BEGIN Data records

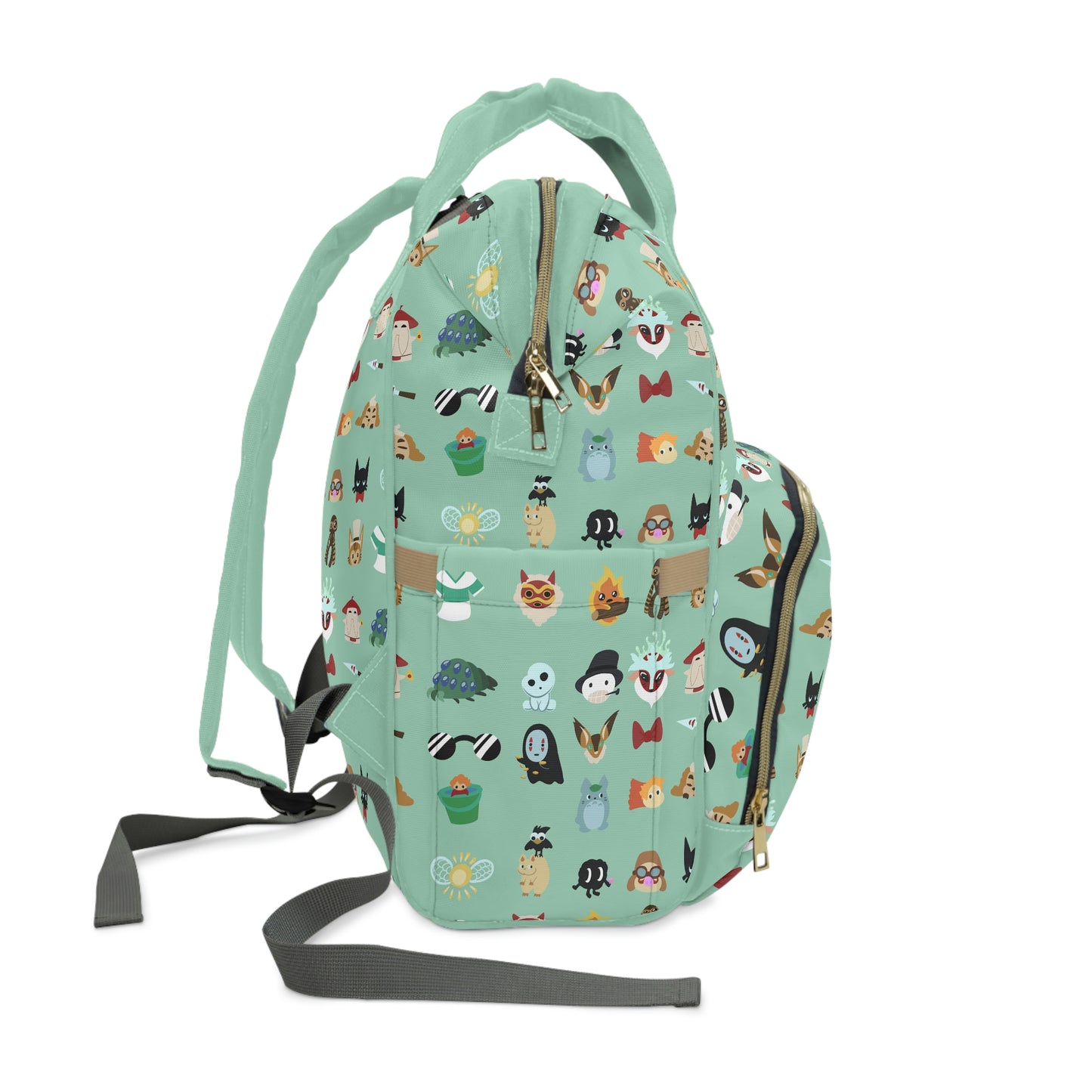 Pop Culture Multifunctional Backpack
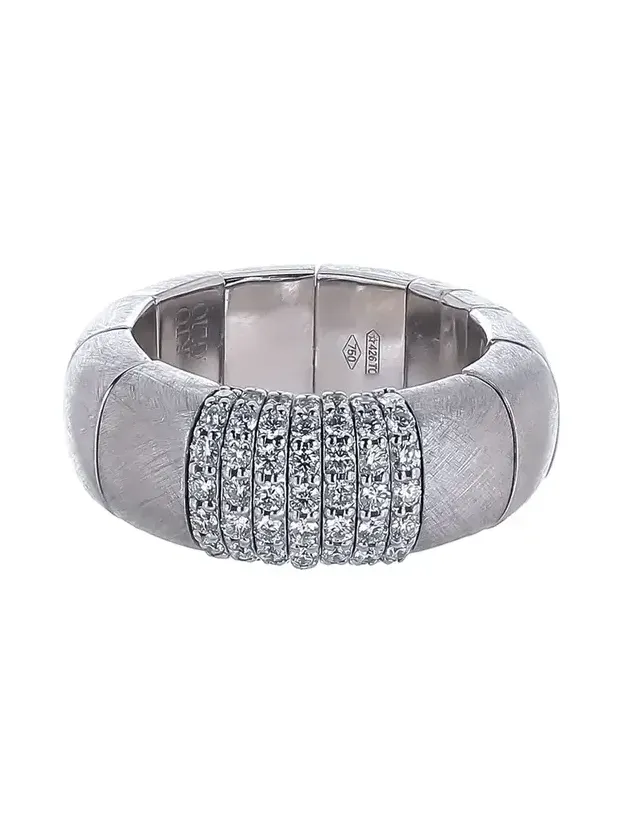 Seven Diamond Bar Matte Black Pura Stretch Bracelet Seven Diamond Bar Matte Black Pura Stretch Bracelet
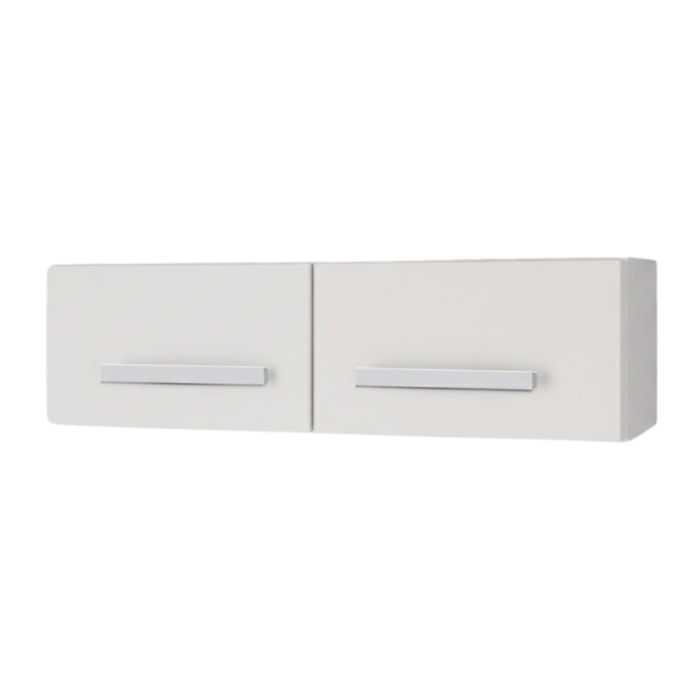 Armario Aereo Geladeira 79 cm Mara Branco Mobbs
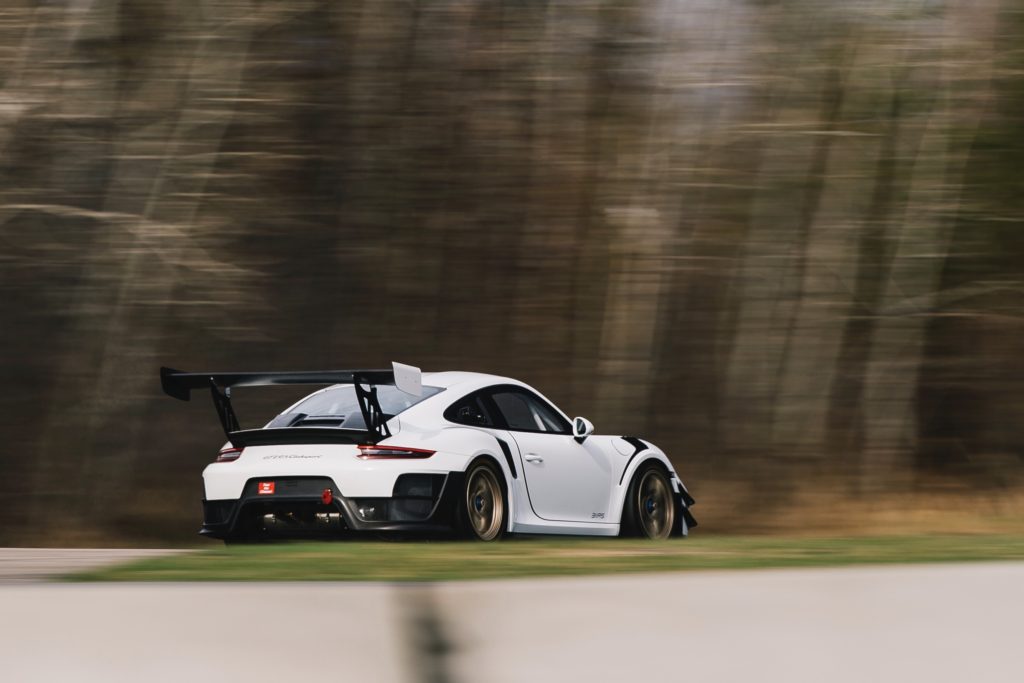 311RS Porsche 911 GT2RS Clubsport and 991 GT3 Cup at BIR by Peter Lapinski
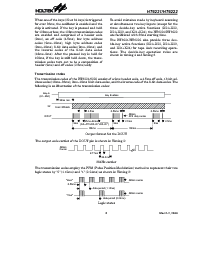 浏览型号HT6222的Datasheet PDF文件第6页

END Data records

▶ [About this exercise]:
For this exercise, transcribe the entries verbatim and skip all pictures.

▶ [Solution to this problem]:
 Pop Culture Multifunctional Backpack
 Seven Diamond Bar Matte Black Pura Stretch Bracelet Seven Diamond Bar Matte Black Pura Stretch Bracelet
 Armario Aereo Geladeira 79 cm Mara Branco Mobbs
 311RS Porsche 911 GT2RS Clubsport and 991 GT3 Cup at BIR by Peter Lapinski
 浏览型号HT6222的Datasheet PDF文件第6页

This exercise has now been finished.